Il rapporto di circa 250 pagine, pubblicato mercoledì dalla House Transportation Committee, sostiene che “Boeing ha fallito nella progettazione e nello sviluppo del 737 Max e la Faa ha fallito nella supervisione di Boeing e nella certificazione dell’aeromobile”.

LE COLPE DI BOEING

In particolare, il rapporto afferma che Boeing ha fatto “ipotesi di progettazione e prestazioni errate” in relazione al funzionamento del sistema di sicurezza chiave, il Mcas, che è direttamente legato agli incidenti dei voli di Lion Air e di Ethiopian Airlines.

Per la commissione, sono state omesse informazioni “cruciali” relative a questo sistema di sicurezza alla Faa, ai clienti e ai piloti.

L’esistenza stessa del sistema Mcas non è stata inserita nei manuali per gli equipaggi e ha cercato di convincere le autorità di regolamentazione a non richiedere un addestramento più costoso al simulatore per i piloti abilitati per i 737 Max.

SPINTA DALLA RIVALITÀ CON AIRBUS

I legislatori hanno suggerito nel rapporto che Boeing sia stata spinta dalla necessità di tagliare i costi e di accelerare il processo per far arrivare il 737 Max sul mercato.

Boeing avrebbe dunque evitato di rallentare la linea di produzione del 737 Max per non restare indietro nella competizione con il suo storico rivale europeo Airbus.

E QUELLE DELLA FAA

Ma il rapporto non risparmia nemmeno la Federal aviation administration. Critico infatti sulla supervisione della Faa su Boeing.

Il rapporto inoltre sostiene che la Faa ha “fallito nell’assicurare la sicurezza del trasporto pubblico”. La commissione ha proposto una serie di riforme sul sistema di certificazione al volo della Faa e una commissione del Senato se ne occuperà da oggi.

LA POSIZIONE DEL COSTRUTTORE

Boeing ha risposto al rapporto affermando di aver incorporato il feedback di molteplici indagini e revisioni nella sua riprogettazione del velivolo e di aver “imparato molte dure lezioni dagli incidenti”.

“Il design rivisto del MAX ha ricevuto un’intensa revisione interna e normativa, tra cui oltre 375.000 ore di ingegneria e di test e 1.300 voli di prova”, ha comunicato Boeing in una nota.

“Una volta che la Faa e altri regolatori avranno stabilito che il Max può tornare in servizio in sicurezza, sarà uno degli aerei più esaminati nella storia e noi abbiamo piena fiducia nella sua sicurezza”.

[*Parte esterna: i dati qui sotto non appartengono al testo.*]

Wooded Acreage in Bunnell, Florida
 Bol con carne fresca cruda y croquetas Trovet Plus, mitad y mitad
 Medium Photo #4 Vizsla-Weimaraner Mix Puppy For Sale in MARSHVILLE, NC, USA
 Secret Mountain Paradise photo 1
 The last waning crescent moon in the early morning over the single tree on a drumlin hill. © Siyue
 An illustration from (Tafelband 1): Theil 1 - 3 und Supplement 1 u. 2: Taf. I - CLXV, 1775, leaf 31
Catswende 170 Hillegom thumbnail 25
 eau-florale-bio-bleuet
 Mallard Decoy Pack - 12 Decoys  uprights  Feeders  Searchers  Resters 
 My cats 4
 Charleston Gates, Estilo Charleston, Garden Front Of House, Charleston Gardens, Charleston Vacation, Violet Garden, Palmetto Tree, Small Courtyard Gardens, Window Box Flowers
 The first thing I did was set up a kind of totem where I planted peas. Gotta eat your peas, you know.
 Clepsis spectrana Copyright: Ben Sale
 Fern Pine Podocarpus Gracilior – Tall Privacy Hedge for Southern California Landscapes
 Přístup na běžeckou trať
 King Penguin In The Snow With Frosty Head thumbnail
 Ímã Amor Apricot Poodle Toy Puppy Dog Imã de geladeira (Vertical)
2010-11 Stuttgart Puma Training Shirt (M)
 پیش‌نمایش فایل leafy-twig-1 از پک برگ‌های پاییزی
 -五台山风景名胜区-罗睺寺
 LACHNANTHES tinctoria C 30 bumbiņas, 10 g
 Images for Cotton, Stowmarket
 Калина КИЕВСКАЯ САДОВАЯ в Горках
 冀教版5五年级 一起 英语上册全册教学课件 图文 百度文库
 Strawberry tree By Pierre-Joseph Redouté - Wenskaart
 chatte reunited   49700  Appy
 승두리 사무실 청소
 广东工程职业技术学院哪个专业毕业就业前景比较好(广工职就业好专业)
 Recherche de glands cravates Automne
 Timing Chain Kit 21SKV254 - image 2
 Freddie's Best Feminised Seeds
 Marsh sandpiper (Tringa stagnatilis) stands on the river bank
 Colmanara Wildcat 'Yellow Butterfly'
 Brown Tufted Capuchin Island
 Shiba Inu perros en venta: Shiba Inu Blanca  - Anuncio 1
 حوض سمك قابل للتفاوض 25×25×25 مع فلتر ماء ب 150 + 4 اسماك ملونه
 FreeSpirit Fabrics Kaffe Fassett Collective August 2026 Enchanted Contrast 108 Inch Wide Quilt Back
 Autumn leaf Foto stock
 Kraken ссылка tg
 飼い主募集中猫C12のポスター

E QUELLA DELLA FEDERAL AVIATION ADMINISTRATION

Da parte sua la Faa ha indicato che lavorerà con i legislatori per “implementare le migliorie da fare identificate nel rapporto” della commissione. Sottolineando che il suo lavoro è “incentrato sul progresso della sicurezza aerea generale, migliorando la nostra organizzazione, i processi e la cultura”.